After a brief hiatus from the ongoing currency wars, China fired another salvo at The Fed tonight by devaluing the Yuan fix to 6.5693 – its weakest against the USD since March 2011. After eight days higher in a row for The USD Index, it seems PBOC has turned its currency liberalization plan off, stabilizing the broad Renminbi basket (which has been steadily devalued) and turning its attention to devaluing against the USD. Having unleashed turmoil in August (pre-Sept FOMC) and January (post Dec rate-hike), it appears the rising rate-hike probabilities jawboned by The Fed are decidedly disagreeable to “authoritative persons” in China.


The Yuan Fix was driven down to March 2011 lows…

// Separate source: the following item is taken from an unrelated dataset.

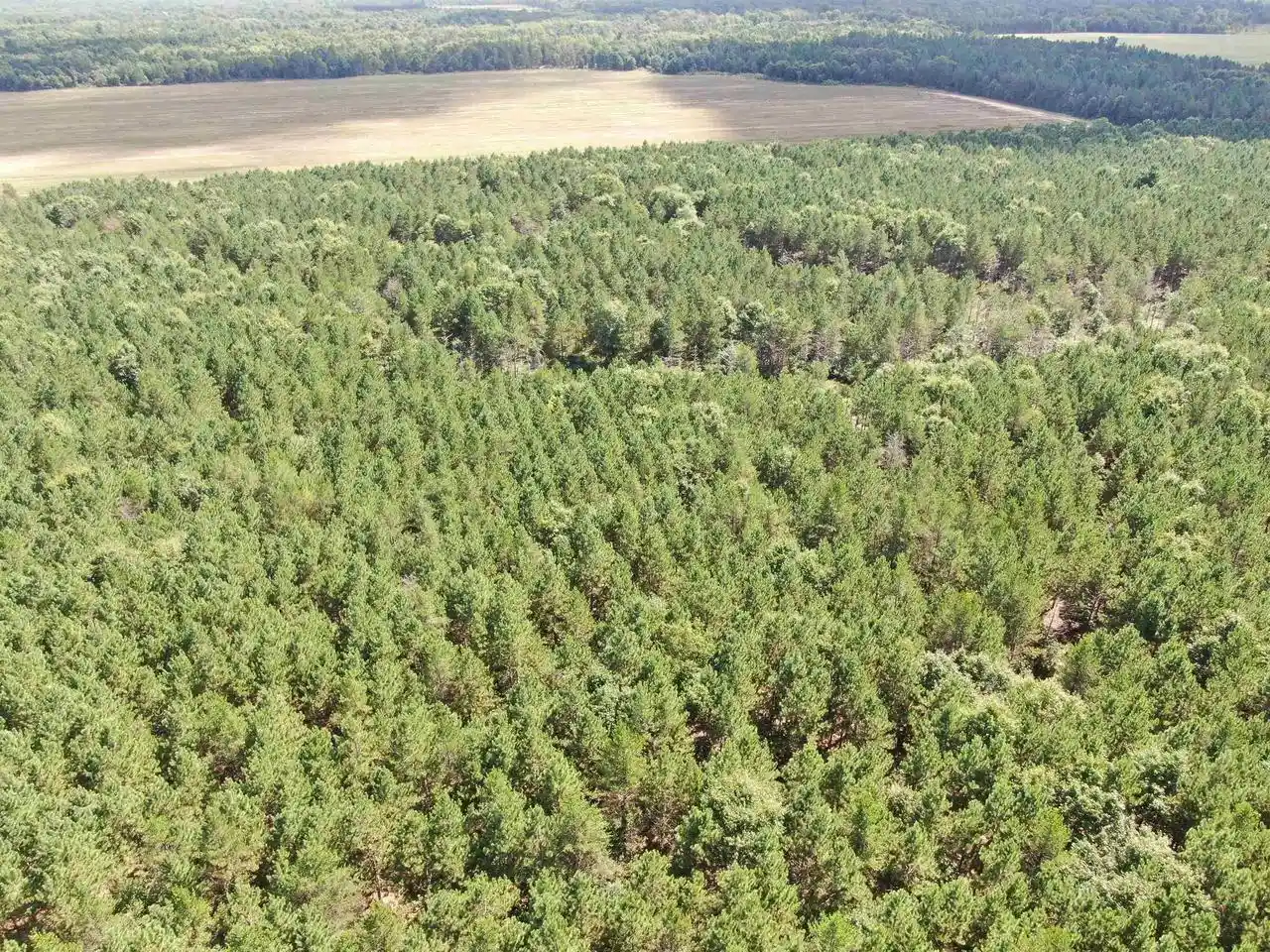 5th image of 80 Ac 14Th Ct Acres Acres, Arkdale, WI 54613 | MLS# 2009960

“It could be because the authorities want to alleviate some of the depreciation pressure before the Fed interest rate decision in June,” said Christy Tan, head of markets strategy at National Australia Bank Ltd. in Hong Kong. “If there are signs of panic dollar buying, the PBOC will step in.”

As it seems maintaining some ‘stability’ against the USD has lost its appeal as the USD surges once again…


What the chart above shows is that the Chinese currency (red) has been devaluing in an orderly and quiet manner for much of the year while maintaining the appearance of stability against the USD (blue). That appears to have changed now and the last time turmoil started to ripple through the CNHUSD markets – it didn’t stop until Tom Cook lied to Jim Cramer and The PPT rescued the world.

The irony of the apparent stability in the broad-based Renminbi basket (while devaluing against the USD) is that it comes after a desperate China has reportedly given up on its liberalization goals. As The Wall Street Journal notes,

Behind closed doors in March, some of China’s most prominent economists and bankers bluntly asked the People’s Bank of China to stop fighting the financial markets and let the value of the nation’s currency fall.


They got nowhere. “The primary task is to maintain stability,” said one central-bank official, according to previously undisclosed minutes of the meeting reviewed by The Wall Street Journal.


The meeting left little doubt China’s top leaders have lost interest in a major policy shift announced in a surprise move just nine months ago. In August 2015, the PBOC said it would make the yuan’s value more market-based, an important step in liberalizing the world’s second-largest economy.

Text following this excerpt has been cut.